How to complete this task: When the string "ESTOS" is part of a line below, that line should be copied.

Available records:
================================

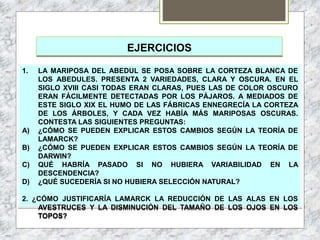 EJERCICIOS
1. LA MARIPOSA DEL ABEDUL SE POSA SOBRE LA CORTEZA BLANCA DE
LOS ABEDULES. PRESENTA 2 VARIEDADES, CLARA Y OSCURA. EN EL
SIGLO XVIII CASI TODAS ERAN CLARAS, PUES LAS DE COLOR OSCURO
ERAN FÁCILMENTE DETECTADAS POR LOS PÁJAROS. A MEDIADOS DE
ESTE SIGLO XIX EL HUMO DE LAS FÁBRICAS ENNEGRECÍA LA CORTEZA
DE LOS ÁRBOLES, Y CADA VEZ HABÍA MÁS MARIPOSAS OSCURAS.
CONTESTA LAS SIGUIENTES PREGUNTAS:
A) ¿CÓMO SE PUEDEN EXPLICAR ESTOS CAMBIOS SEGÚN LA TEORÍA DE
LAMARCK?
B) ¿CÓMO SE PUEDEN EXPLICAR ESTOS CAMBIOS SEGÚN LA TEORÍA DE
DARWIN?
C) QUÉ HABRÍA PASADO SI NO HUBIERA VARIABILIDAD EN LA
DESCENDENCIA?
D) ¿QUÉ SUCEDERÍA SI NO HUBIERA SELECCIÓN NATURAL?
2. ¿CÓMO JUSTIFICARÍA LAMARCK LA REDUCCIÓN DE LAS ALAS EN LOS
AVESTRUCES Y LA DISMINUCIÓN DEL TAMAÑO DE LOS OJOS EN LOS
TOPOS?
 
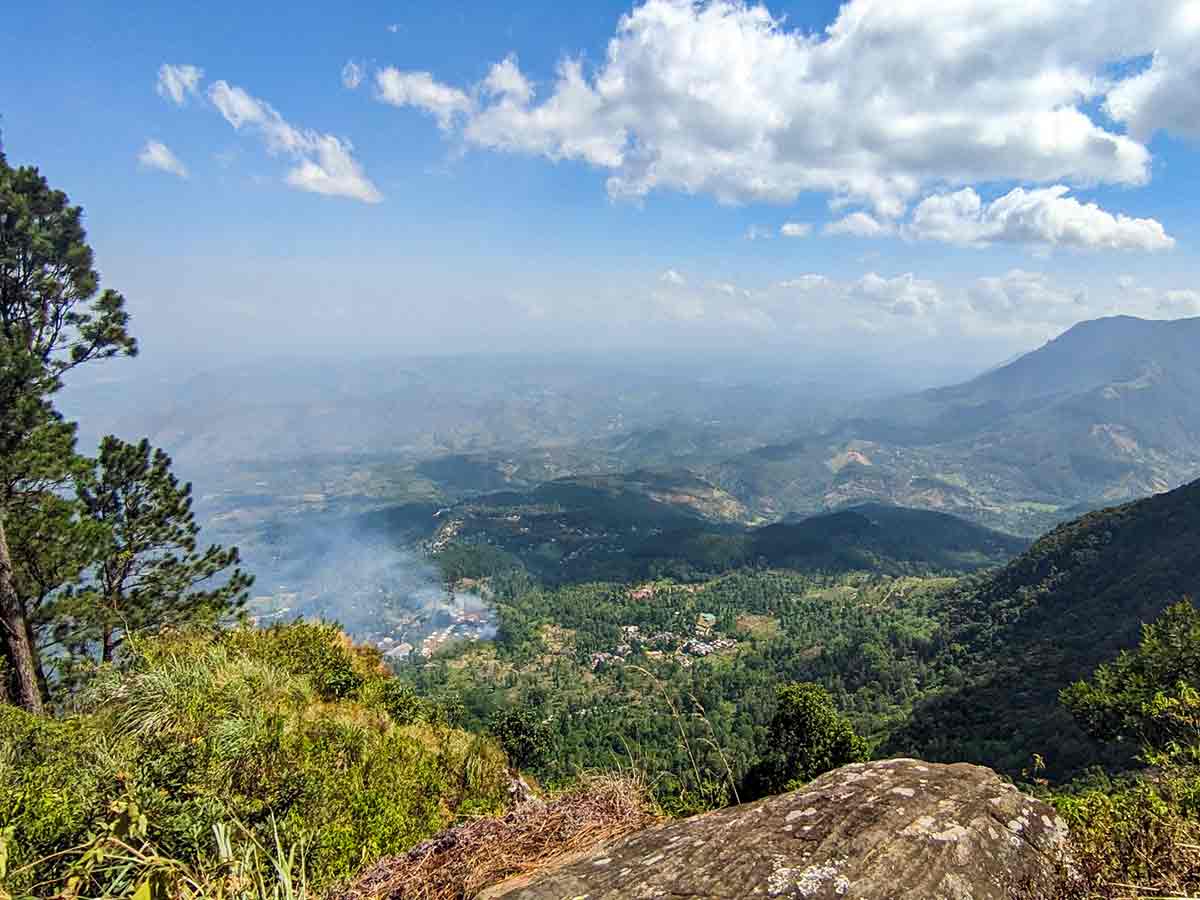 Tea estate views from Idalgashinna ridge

================================

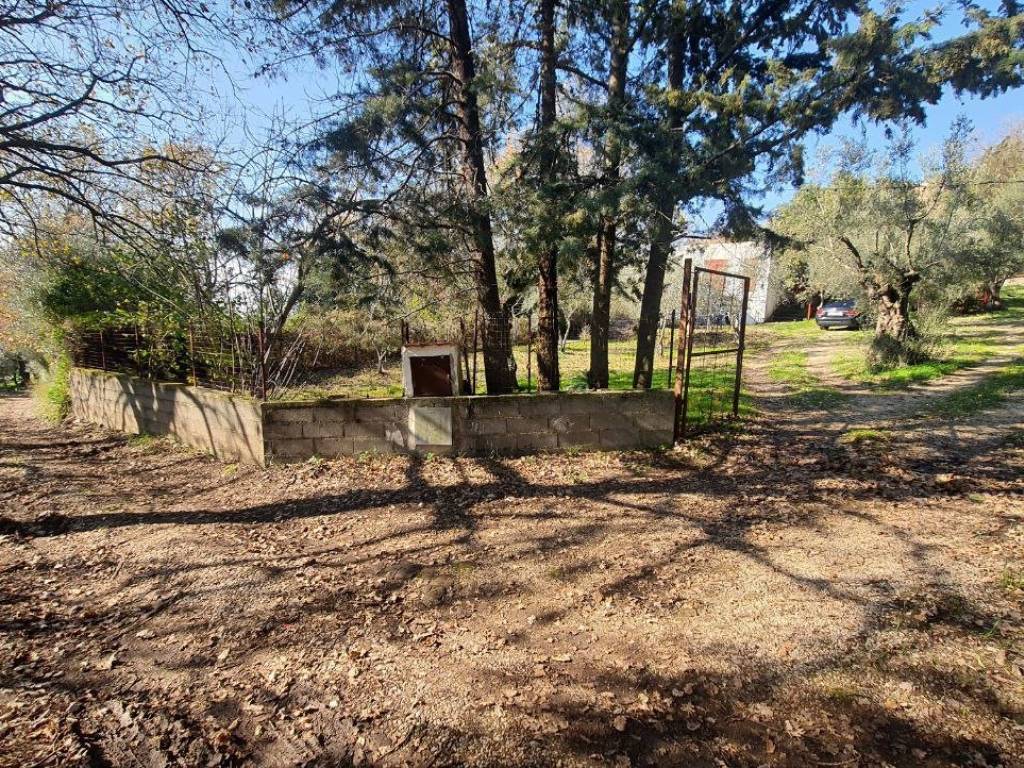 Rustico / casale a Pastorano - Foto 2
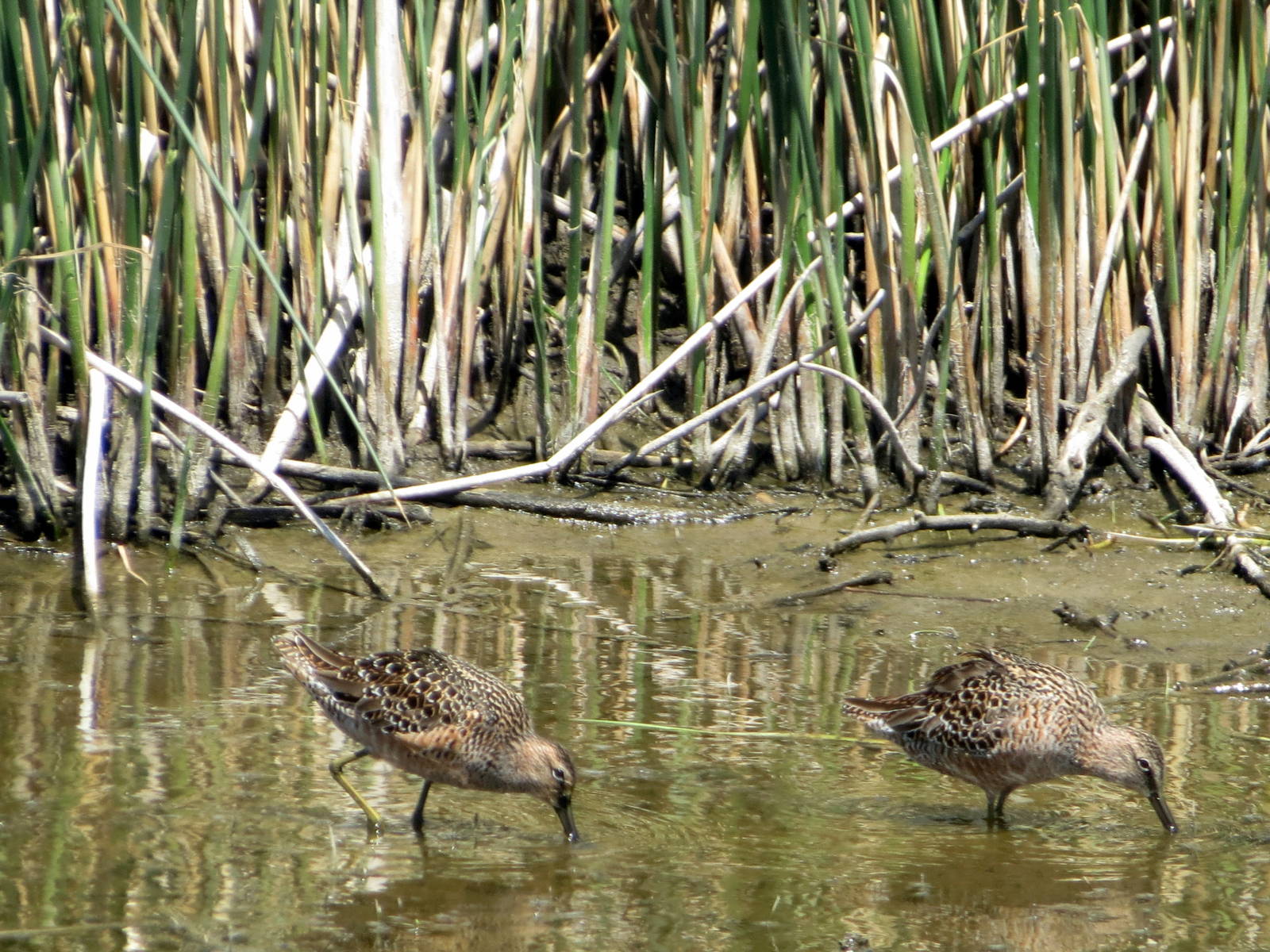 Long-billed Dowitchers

================================

Answer to the exercise:
A) ¿CÓMO SE PUEDEN EXPLICAR ESTOS CAMBIOS SEGÚN LA TEORÍA DE
B) ¿CÓMO SE PUEDEN EXPLICAR ESTOS CAMBIOS SEGÚN LA TEORÍA DE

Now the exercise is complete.